(Task to complete): Only the text of the entries below should appear in your exact transcription; leave out every picture.

(Data):

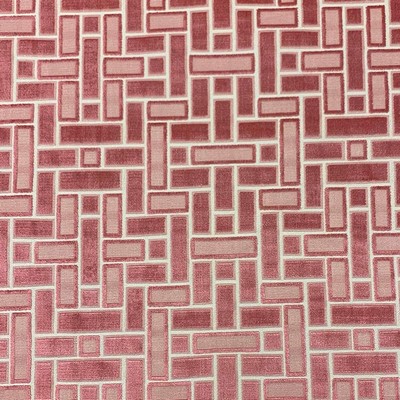Magnolia Fabrics Spiegel Azalea Pink Upholstery Fire Rated Fabric Squares  High Performance CA 117  Plaid and Tartan Patterned Velvet  Contemporary Velvet   Fabric MagFabrics  MagFabrics Spiegel Azalea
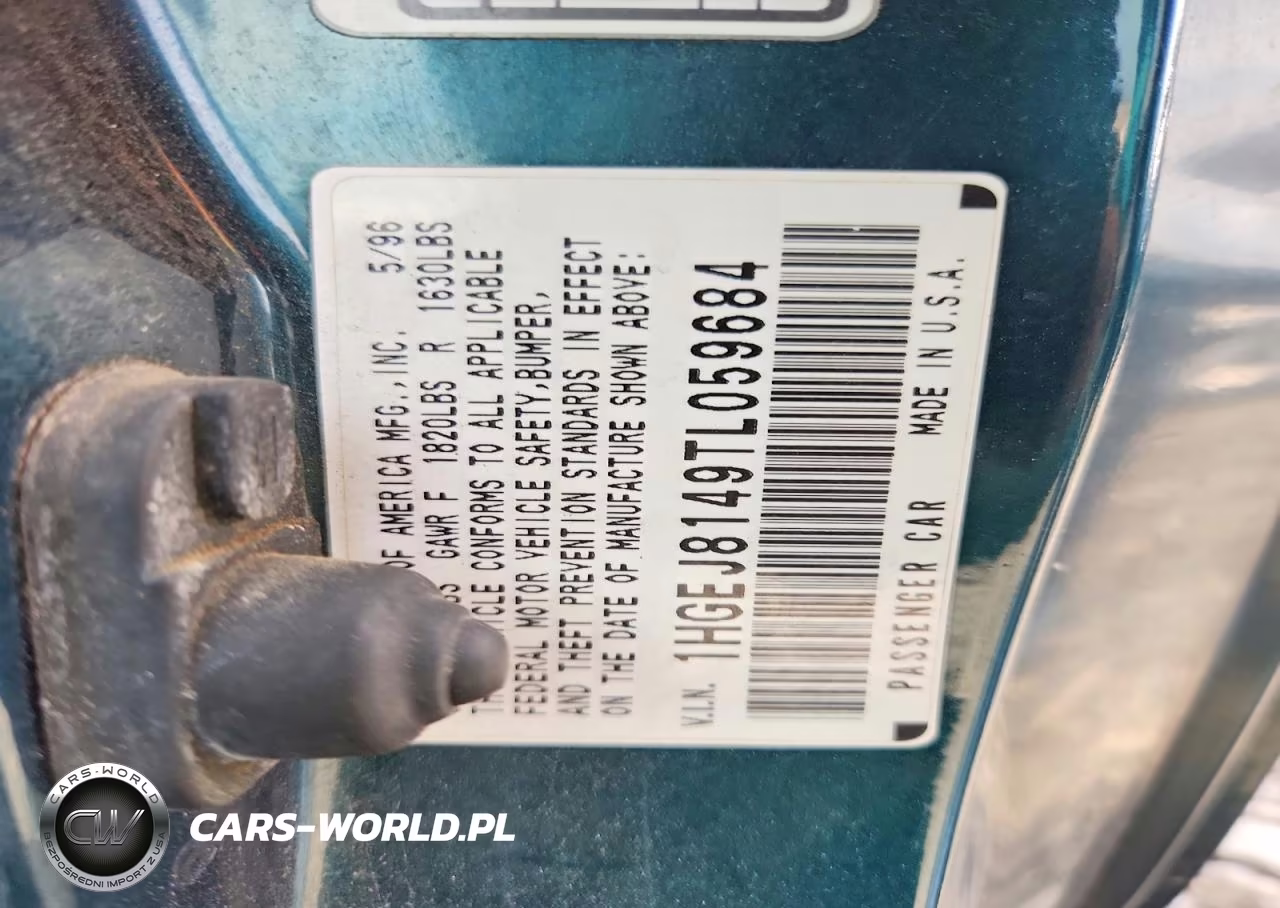 1996 Honda Civic Ex VIN:1HGEJ8149TL059684 - 12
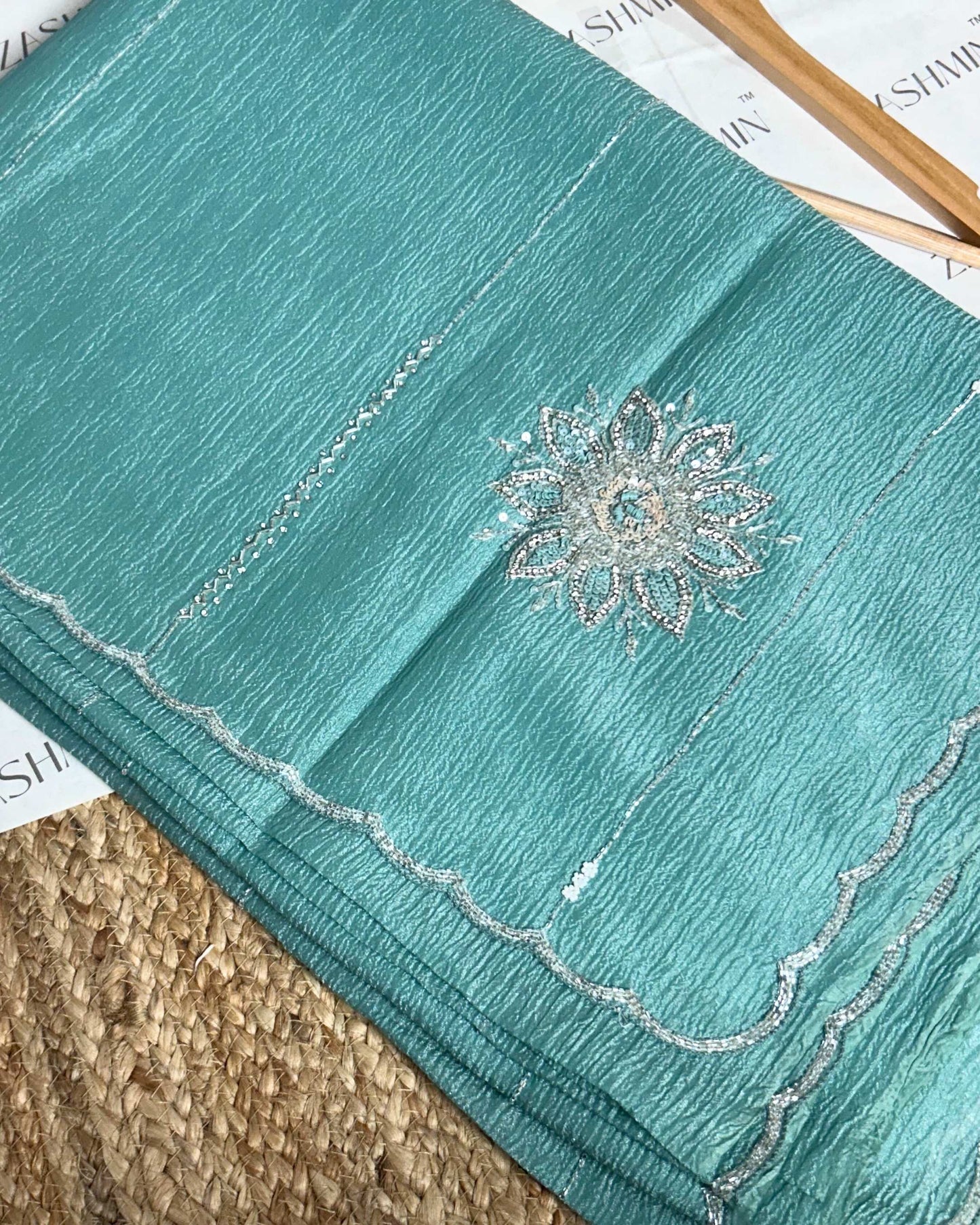 Zashmin Lotus Sea Green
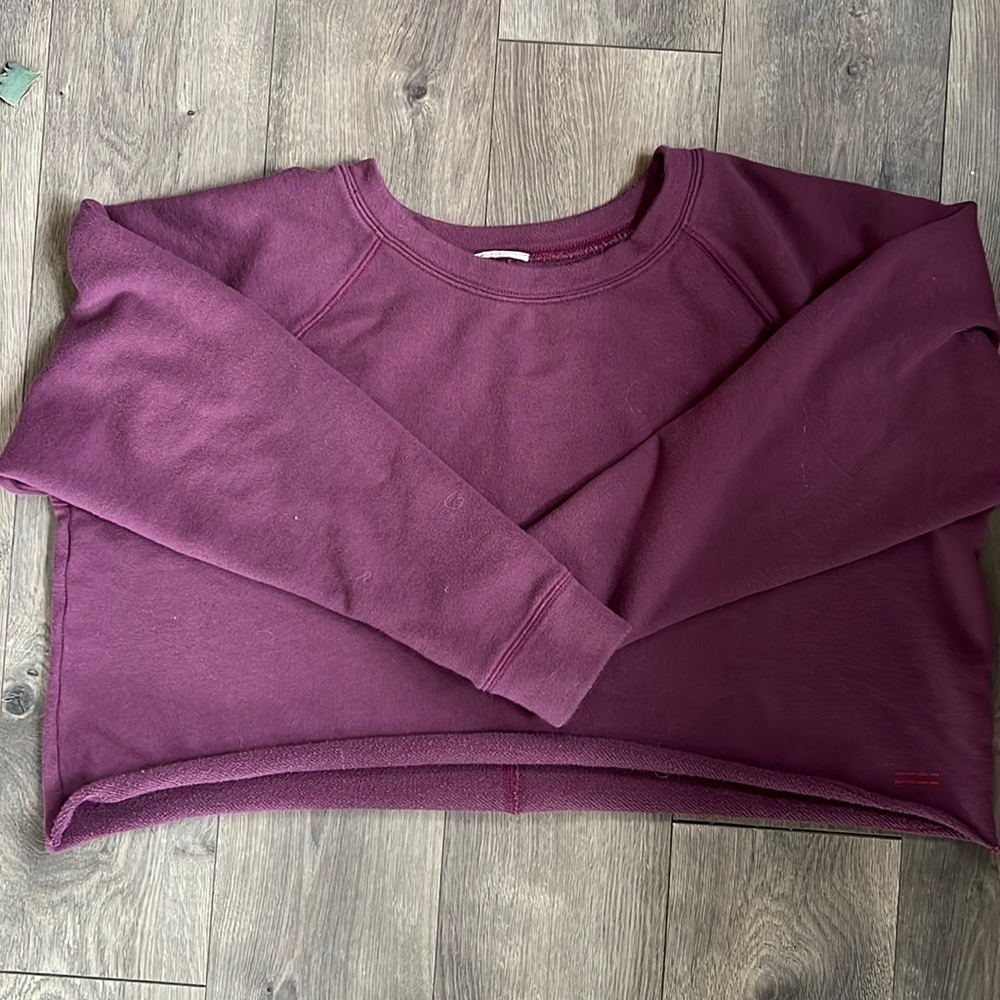 Grateful for Today crop sweatshirt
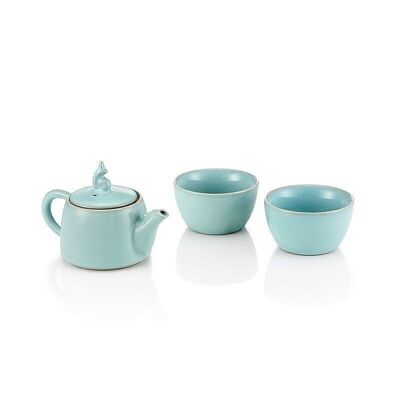 Ru porcelain set blue 3 pcs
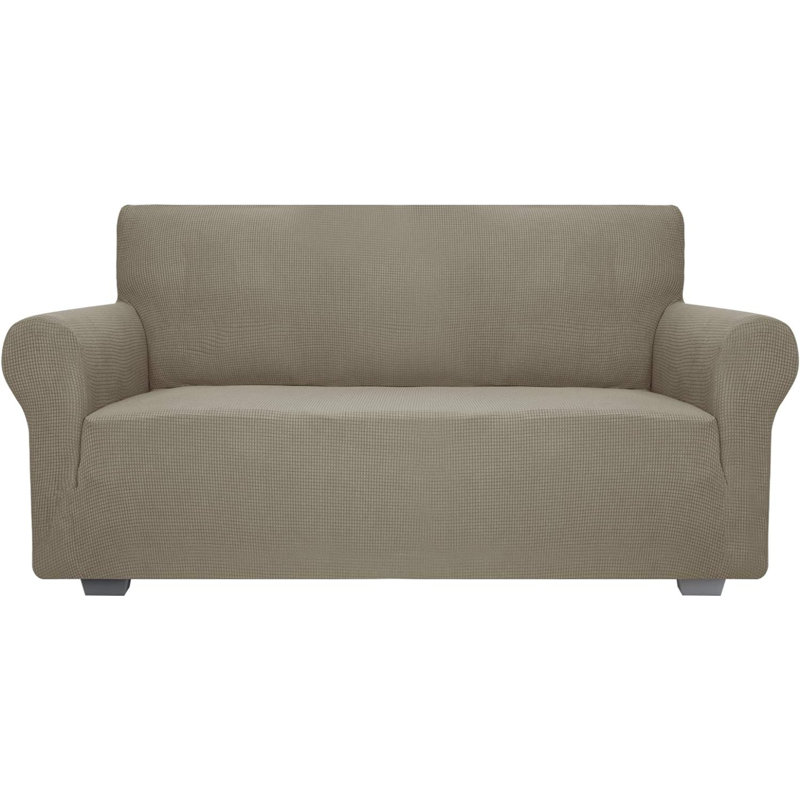 Housse de couette en jacquard haute extensibilité 1 pièce pour 2 coussins de causeuse antidérapant Housse de causeuse pour enfants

(Solution below):
Magnolia Fabrics Spiegel Azalea Pink Upholstery Fire Rated Fabric Squares  High Performance CA 117  Plaid and Tartan Patterned Velvet  Contemporary Velvet   Fabric MagFabrics  MagFabrics Spiegel Azalea
 1996 Honda Civic Ex VIN:1HGEJ8149TL059684 - 12
 Zashmin Lotus Sea Green
 Grateful for Today crop sweatshirt
 Ru porcelain set blue 3 pcs
 Housse de couette en jacquard haute extensibilité 1 pièce pour 2 coussins de causeuse antidérapant Housse de causeuse pour enfants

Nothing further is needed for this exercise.